The typical steps involved in consuming data are:
1. Open a stream to read the data ( either from file or HTTP)

2. Consume the content (e.g. loading the whole content or parts of it)

3. Closing the stream to free up resources:

  * files: allow other processes to access the file (Exception *File used by another programm*)

  * HTTP: closing a stream allows to reuse connections


## Python3: Automatically Closing data streams

The **with** statement s used to wrap the execution of a block with methods defined by a context manager.
This allows common try...except...finally usage patterns to be encapsulated for convenient reuse.

Typical use-case : automatically ensure that streams are closed.

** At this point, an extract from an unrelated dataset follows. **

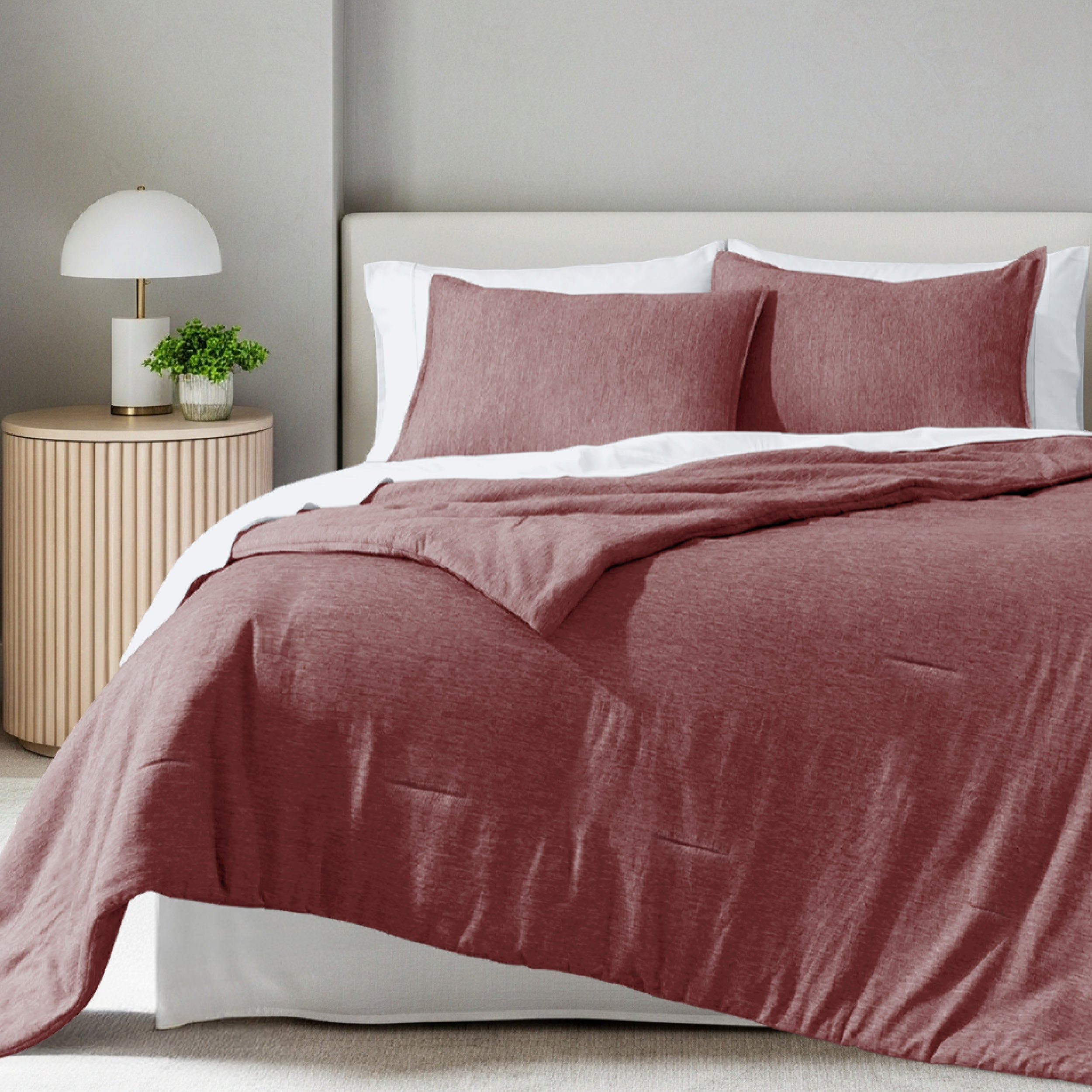 A comforter set on a bed in a bright modern room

Other use cases: timing of functions, printing of logs at the end of  a call,

        with COMMAND as C:
          #work with C


## Loading files from disk

 Given that a file is stored on the local machine, we can access the file and inspect or load its content.

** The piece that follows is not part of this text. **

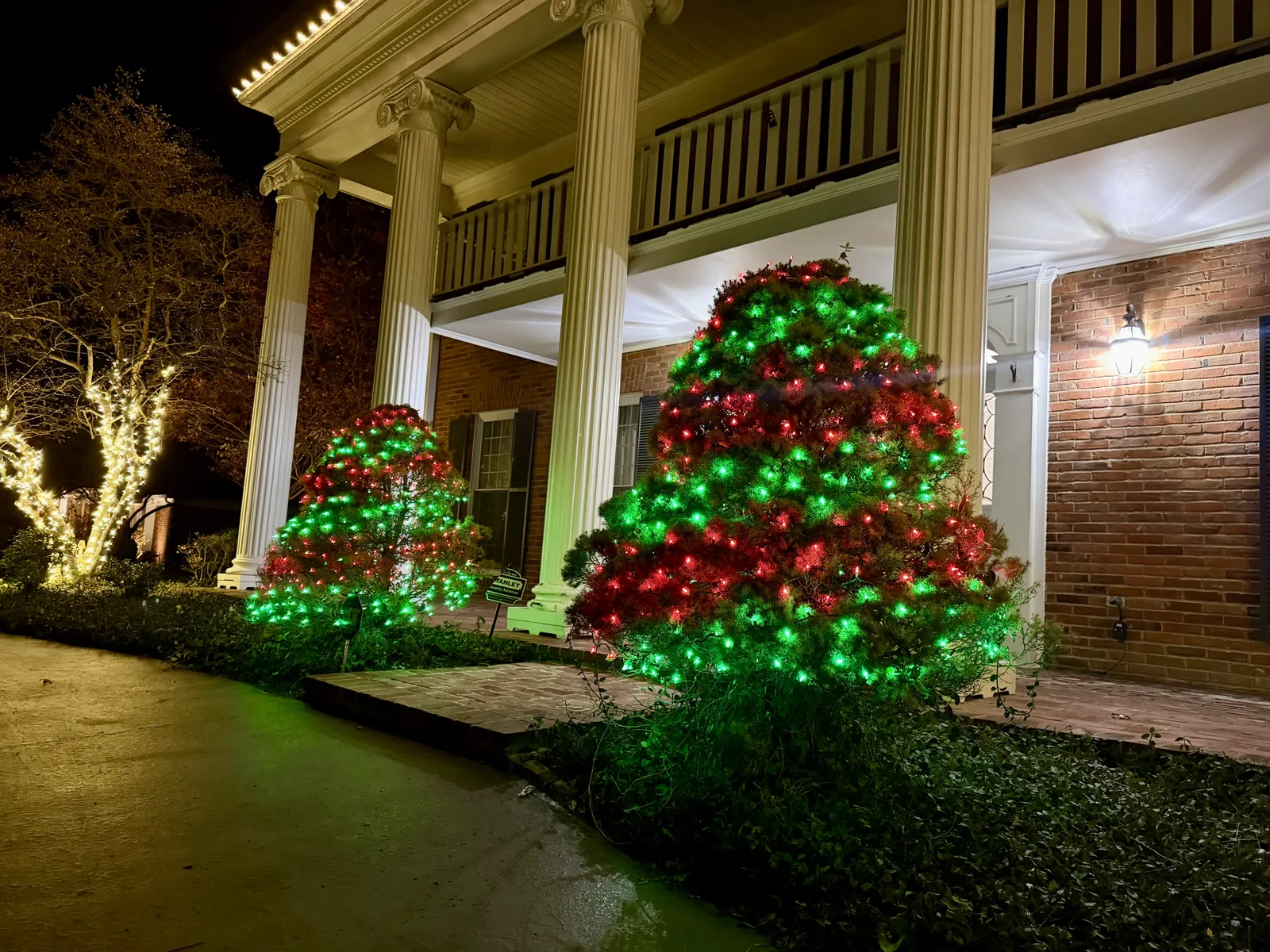 Red and green net lighting on shrubs beside a warm-white wrapped tree at a columned home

 There are typically two ways to read the content of a file:

1. Load the whole content of the file and store it in a variable for further processing

2. Read the file line by line (e.g., if files are large)

See also Chapter 7.2 in the [Python3 tutorial](https://docs.python.org/3/tutorial/inputoutput.html#reading-and-writing-files)

## File location

We need the location of the file on disk to load its content.

An **absolute file path** points to the same location in a file system, regardless of the current working directory. To do that, it must include the root directory.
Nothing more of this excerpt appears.